# Remote Question / Onkyo



## Rollie (Feb 24, 2006)

I have recently purchased an Onkyo HTS-780 home theater setup. My problem is, I tried all the codes for the tuner to be controlled by my Dish remote, nothing works. I tried scanning for codes and can't get it to take. I don't know if maybe I stop pushing the button too soon, I would think 400 times would catch it.

Does anybody have this system and have the remote configured correctly? Thanks.


----------



## steelhorse (Apr 27, 2004)

I have the onkyo 503 surround reciever and it works with the codes listed in the 622 manual. I don't know off the top of my head which one made it work.
I also set up my harmony 880 to run everything. That is the way to go. The harmony is a real universal remote!


----------



## Rollie (Feb 24, 2006)

steelhorse said:


> I have the onkyo 503 surround reciever and it works with the codes listed in the 622 manual. I don't know off the top of my head which one made it work.
> I also set up my harmony 880 to run everything. That is the way to go. The harmony is a real universal remote!

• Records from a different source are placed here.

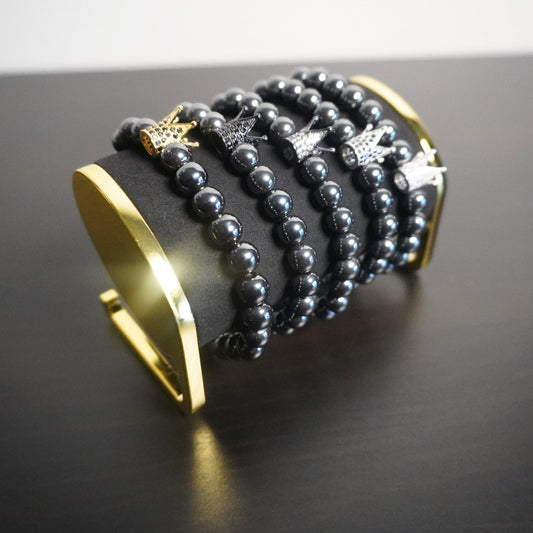 Regal Crown Hematite Bracelet - Elegant Gemstone Beaded Bracelet with Charm Accents for Sophisticated Style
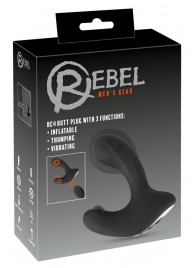 Черная анальная вибропробка с функцией расширения RC Butt Plug with 3 functions - Orion - в Абакане купить с доставкой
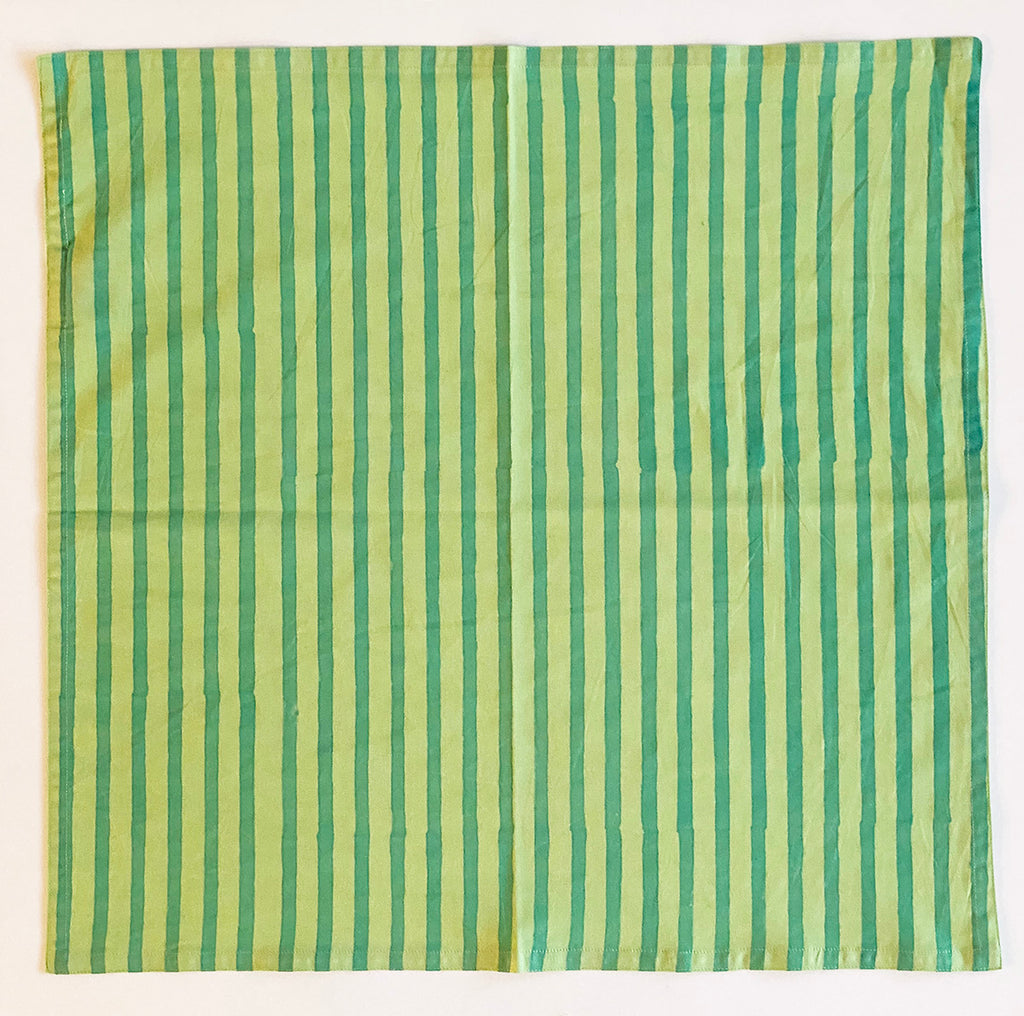 Set of 4 Cotton Napkins | Green Stripe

I was looking at the Harmony, hard to talk my wife into that much $ for a remote control. Does the harmony feel good in the hand, I have a hard time finding a remote thats as comfortable in the hand, especially for the forward and backward buttons.

Still looking for codes.


----------



## ac_burt (Feb 16, 2006)

I have an Onkyo receiver and I have found that the dish remotes will adjust the volume and will turn the unit on but for some reason or another the remote doesn't turn the receiver off. 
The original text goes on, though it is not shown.